Self-Managed Instance Data Flow

The following sequence diagram shows how Service Ping data flows from feature usage to the data warehouse for self-managed GitLab instances:

sequenceDiagram
    participant Monolith as GitLab Monolith
    participant Redis as Redis
    participant PostgreSQL as PostgreSQL
    participant ServicePing as Service Ping
    participant VersionApp as Version App
    participant GCS as Google Cloud Storage
    participant Snowflake as Snowflake
    Monolith->>Redis: track_event() calls<br/>increment metrics
    Monolith->>PostgreSQL: Store transactional data

    Redis->>ServicePing: Fetch metrics

    PostgreSQL->>ServicePing: Fetch aggregated data

    ServicePing->>VersionApp: POST Service Ping<br/>(JSON payload)
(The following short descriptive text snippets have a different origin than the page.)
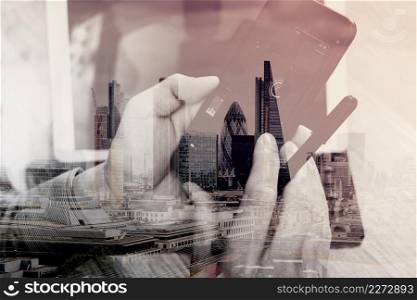Double exposure of Hand using mobile payments online shopping,omni channel,icon customer network,in modern office wooden desk,London city buildings,eyeglass
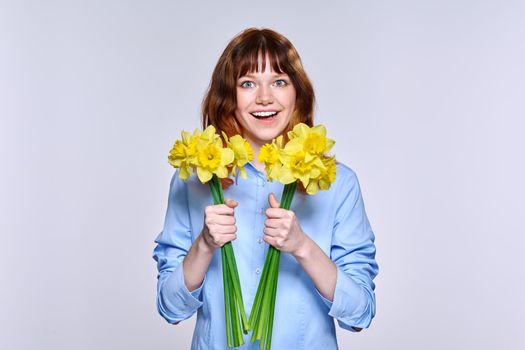 Portrait of young woman with bouquet of yellow flowers looking at camera, light background. Beautiful happy red-haired teenage female in blue shirt. Happiness, joy, holiday, beauty, youth concept
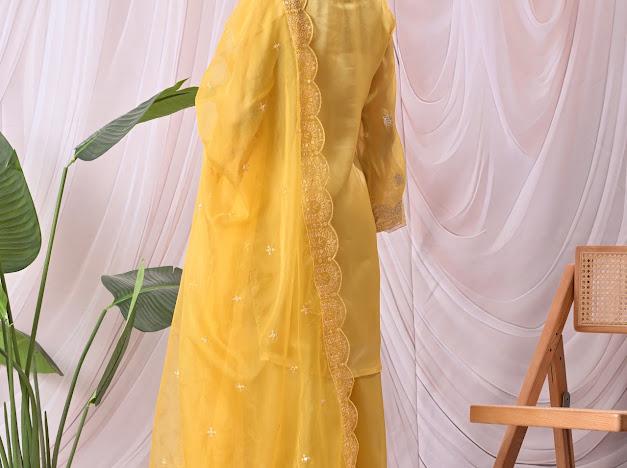Women Vibrant Mustard Yellow Kurta with Sharara Pants & Embroidered Net Dupatta Set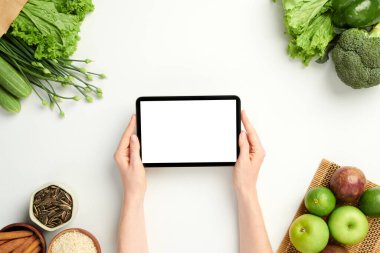 Tablet bilgisayarlı, boş ekranlı, alışveriş masalı bir kadının elleri.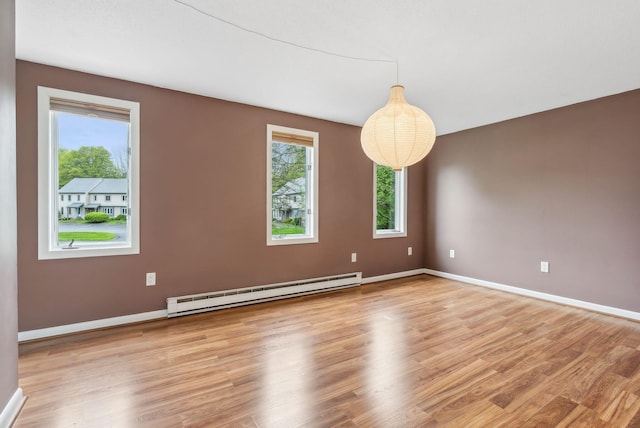 17 Graham Rd Unit 17, Westbrook, ME 04092 - unfurnished room featuring a baseboard heating unit, light wood-style floors, and baseboards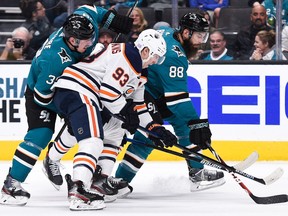 Edmonton Oilers centre Ryan Nugent-Hopkins (93) competes for the puck against San Jose Sharks Logan Couture (39) and Brent Burns (88) at SAP Center in San Jose, Calif., on Nov 19, 2019.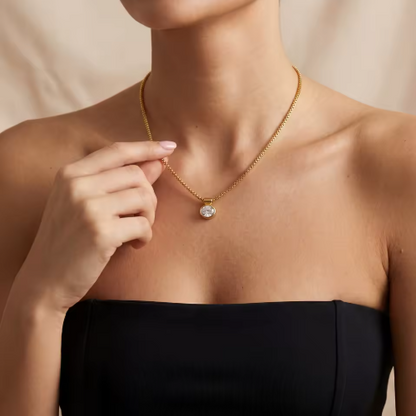 Gold necklace with a pendant worn by a person against a neutral background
    VersionApp->>GCS: Scheduled pipeline export

    GCS->>Snowflake: Data ingestion

Data Flow Explanation

The Service Ping data flow for self-managed instances follows a multi-stage process:

  1. Data Generation: As users interact with GitLab features, two types of data are generated:

    • Analytics tracking: Ruby code executes track_event() calls and JavaScript code executes trackEvent() calls (which hit an API endpoint that wraps track_event()) to increment metrics stored in Redis clusters
    • Transactional data: Regular user interactions with the system (creating issues, commits, etc.) are stored in the PostgreSQL database as part of normal application operations
  2. Periodic Collection: On a weekly schedule, the Service Ping process fetches metrics from both Redis and PostgreSQL. This includes retrieving counters, aggregated statistics, and other usage data.

  3. Payload Construction: The collected data is assembled into a structured JSON payload containing all the metrics organized by their source types (database, redis_hll, system, internal events, redis, license, prometheus).
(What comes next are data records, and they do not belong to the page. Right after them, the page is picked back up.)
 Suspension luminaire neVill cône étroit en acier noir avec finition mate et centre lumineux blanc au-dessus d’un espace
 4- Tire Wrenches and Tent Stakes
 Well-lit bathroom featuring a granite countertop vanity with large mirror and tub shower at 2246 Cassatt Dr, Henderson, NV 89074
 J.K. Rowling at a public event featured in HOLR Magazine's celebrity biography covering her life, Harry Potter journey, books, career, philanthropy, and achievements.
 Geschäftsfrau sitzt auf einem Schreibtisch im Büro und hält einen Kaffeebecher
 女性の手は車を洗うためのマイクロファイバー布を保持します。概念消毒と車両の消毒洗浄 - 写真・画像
  4. Transmission: The JSON payload is sent via HTTP POST to the Version App endpoint, which serves as the central collection point for Service Ping data from all GitLab instances.

  5. Storage and Export: Version App stores the received data in its database. A scheduled pipeline job then exports this data to Google Cloud Storage, making it available for further processing.

  6. Data Warehouse Ingestion: Finally, the data is ingested from Google Cloud Storage into Snowflake, where it becomes available for analytics, reporting, and business intelligence purposes.